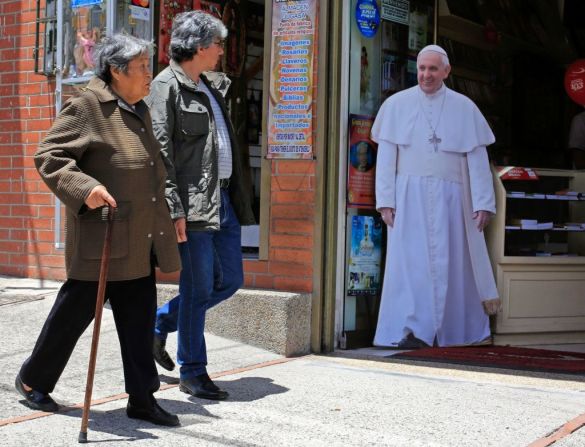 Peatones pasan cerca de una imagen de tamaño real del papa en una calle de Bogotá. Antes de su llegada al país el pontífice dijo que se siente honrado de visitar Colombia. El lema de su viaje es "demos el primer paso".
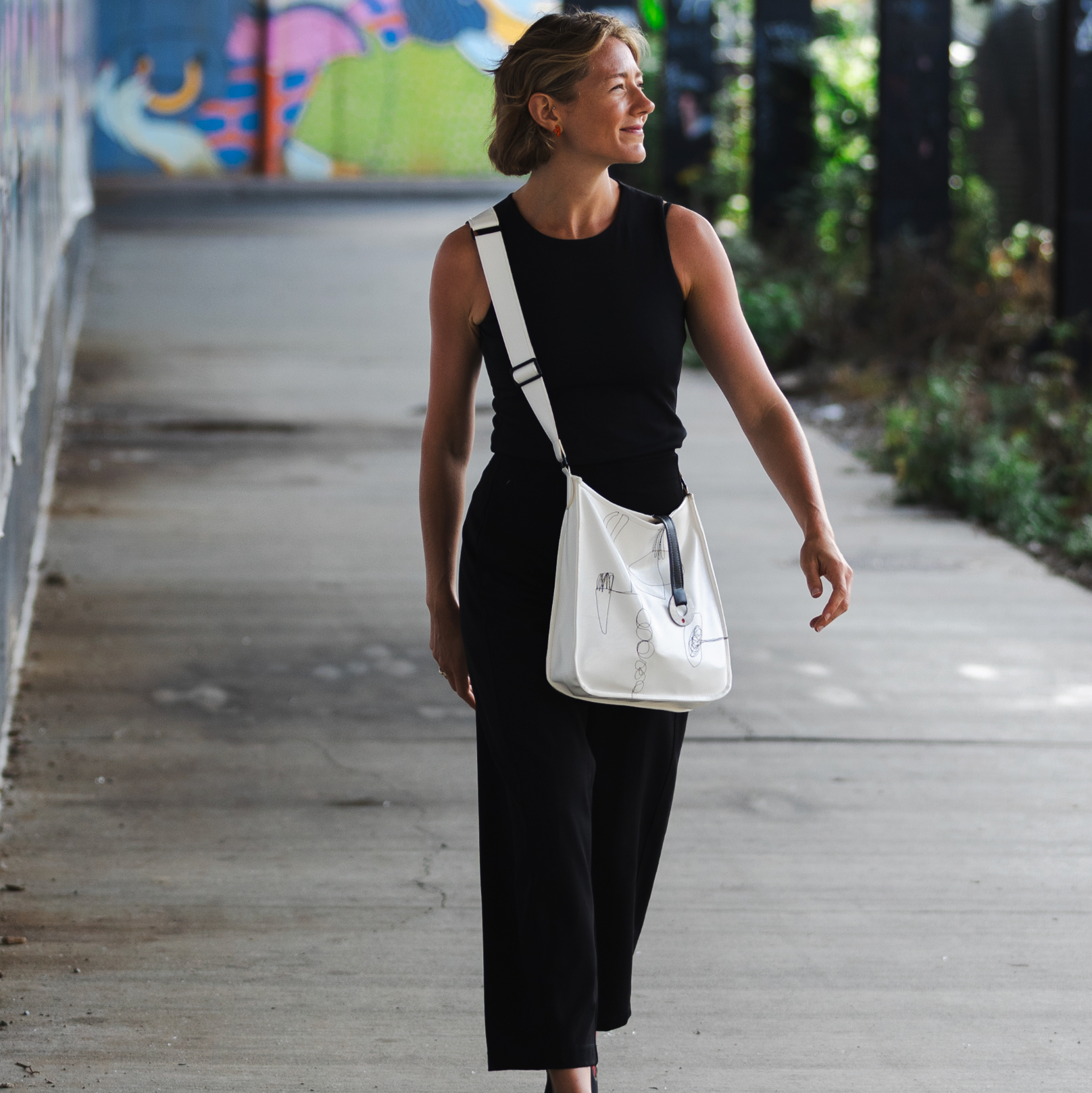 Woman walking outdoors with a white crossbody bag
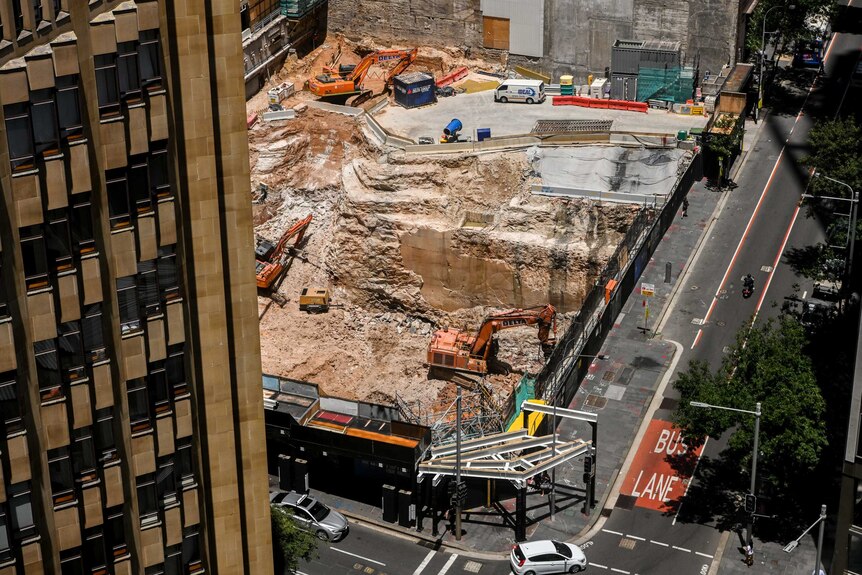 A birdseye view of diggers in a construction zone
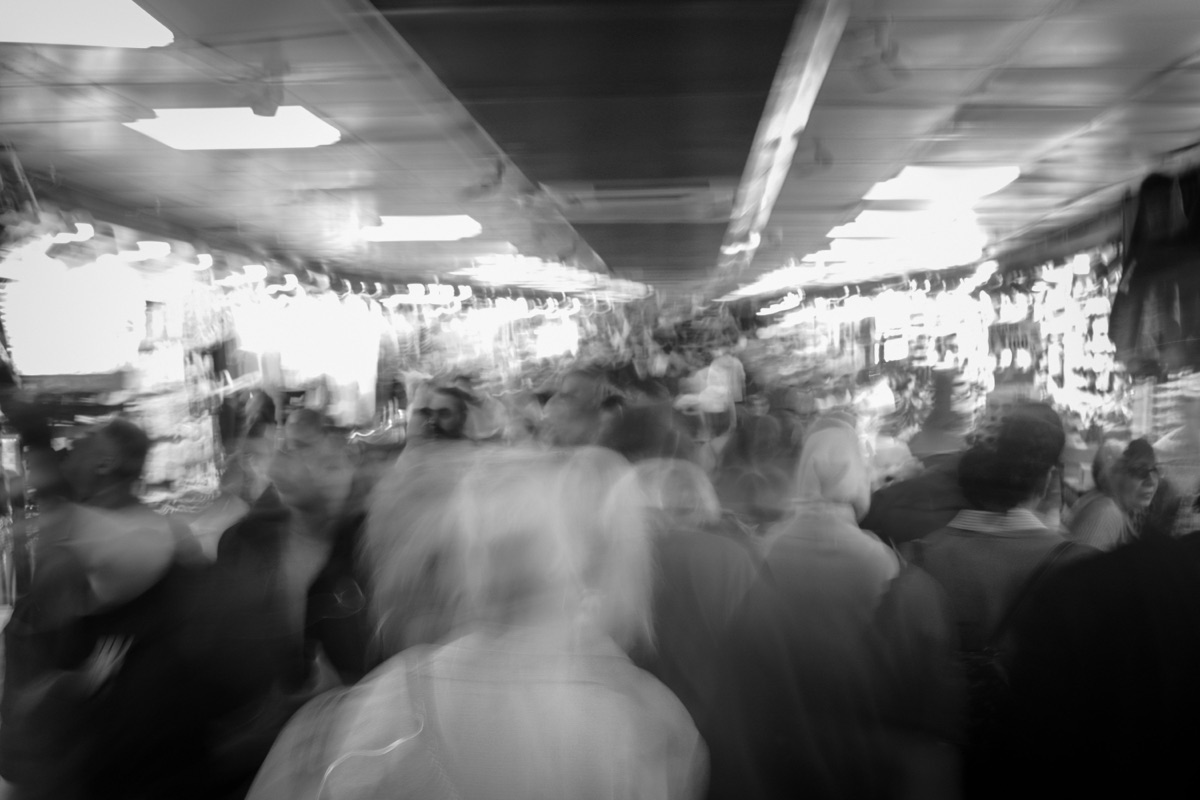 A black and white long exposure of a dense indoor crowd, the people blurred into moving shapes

• [Task to carry out]:
Reproduce all the material exactly, omitting images.

• [Output]:
 Peatones pasan cerca de una imagen de tamaño real del papa en una calle de Bogotá. Antes de su llegada al país el pontífice dijo que se siente honrado de visitar Colombia. El lema de su viaje es "demos el primer paso".
 Woman walking outdoors with a white crossbody bag
 A birdseye view of diggers in a construction zone
 A black and white long exposure of a dense indoor crowd, the people blurred into moving shapes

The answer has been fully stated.